John Grady, a 16-years old Texas cowboy, would like to get his grandfather's ranch but the old man bequeathed it to "her" (his mother?) and she, who lives in the city, wants none of the prairie life. His mother and his father separated when he was still a child. John Grady was raised by Mexican servants and speaks fluent Spanish. Now his mother is an actress and John Grady attends one of her theater performances. His father would like John Grady to reconnect with his mother but John Grady doesn't seem to care. In fact, John Grady and his cousin Rawlins have decided to leave town. His former girlfriend Mary Catherine would like to remain friends but he is bitter towards her. She is the only one who knows that he is leaving. JG and Rawlins ride their horses out of town and head for Mexico. Along the way another teenager, Blevins, joins them, riding a much better horse and with no real explanation. They cross into Mexico. Blevins, who is terrified by lighting (that has struck several of his family members), loses his horse, his clothes and his pistol in a storm. JG and, reluctantly, Rawlins help him steal back his horse from the Mexicans who found it. Chased by a posse, the three decide to part ways. JG and Rawlins reach a ranch and get hired as cowboys, mainly attracted by a cute girl, Alejandra, the daughter of the landowner. Her father likes JG and promotes him, unaware that JG has fallen in love with Alejandra, who mostly lives in the city with her mother but likes the ranch better. She is rich and goes to a fancy school, and her grandaunt Alfonsa warns JG not to tarnish her reputation. JG seems to have no chances and suffers, but instead the girl suddenly gives herself to him.
Then one night the Mexican police arrest JG and Rawlins. They are taken to a jail where the childish Blevins is detained too: he ended up killing a police officer while attempting to recover his pistol, and has been in jail for a long time. The captain interrogates them and does not believe their story. The three prisoners are taken to an isolated place and then the captain allows the brother of the slain officer to summarily execute Blevins. JR and Rawlins are taken to a prison in which anarchy reigns. They are beaten on a daily basis. One of the prisoners, Perez, rules the camp: he lives in a house with a butler and has the power to gain a prisoner's freedom. JG and Rawlins refuse to bribe him and Rawlins is stabbed and taken away. Left to fend for himself, JG buys a knife with his last pesos and uses it to defend himself when attacked by a hired assassin. JG kills the assailant but is wounded badly. Surprisingly, he is helped by Perez himself, who is also a philosopher of sorts. Days later JG is released and surprised to find Rawlins in good health and with money: it turns out that the grandaunt has paid for their freedom and of course it must have been because of Alejandra's desire to save JG. Rawlins has had enough and heads home, across the border, but JG is determined to find out about Alejandra's feelings for him and, if nothing else, to get back his horse and Rawlins' horse.
When he reaches the ranch, the grandaunt is ready to confront him.

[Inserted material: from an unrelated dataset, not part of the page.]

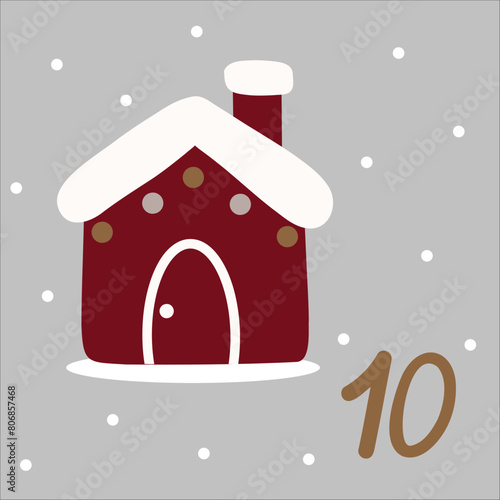 Christmas illustration with cozy house, home. Christmas Advent Calendar 25 hand drawn cards is a December countdown calendar vector illustration, Сhristmas eve creative winter set with numbers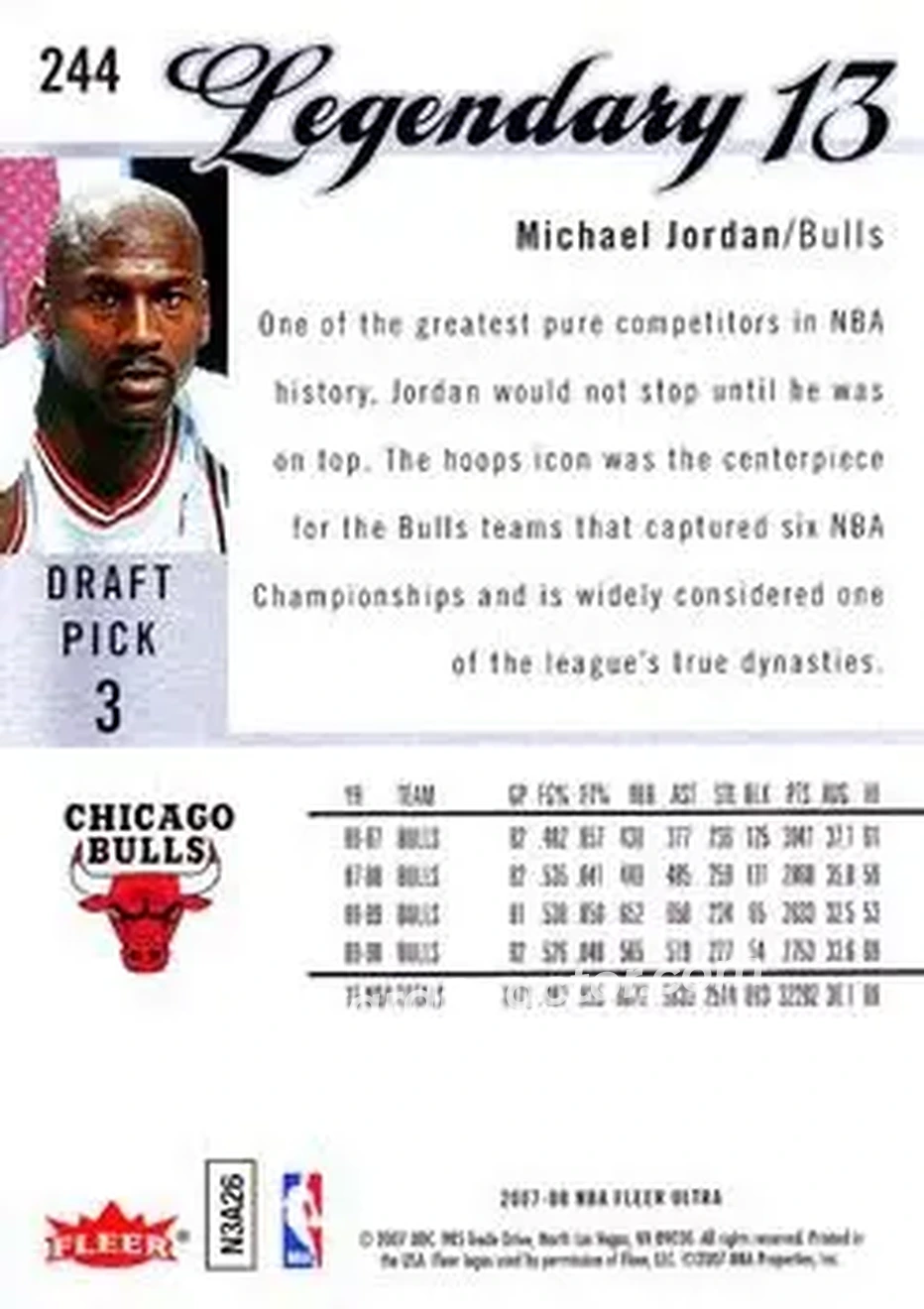 2007-08 Ultra #244 - Michael Jordan - Chicago Bulls - Back 2007-08 Ultra #244 - Michael Jordan - Chicago Bulls - Back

She paid for his freedom but only to please Alejandra and in return Alejandra had to promise not to marry him. In a long ten-page detour the 73-years old woman narrates how she befriended the democratic revolutionaries in her youth and survived the bloody military coup only because her rich father sent her to study in England. (This detour seems to serve the only purpose to show that McCarthy can write in elegant English when he wants to and not only in cowboy slang). JG is stubborn as usual: he phones Alejandra and talks into meeting her at a train station. Alejandra tells him that the grandaunt guessed their love story and then Alejandra preempted her and directly told her father. Unbeknownst to JG and Rawlins, her father had already interceded with the police to save JG and Rawlins from the investigation, but now he let the police arrest them. Alejandra is devastated because she feels that her father stopped loving her. JG swears eternal love and they make love in a hotel but the following day she chooses her family over him. He walks her to the train station.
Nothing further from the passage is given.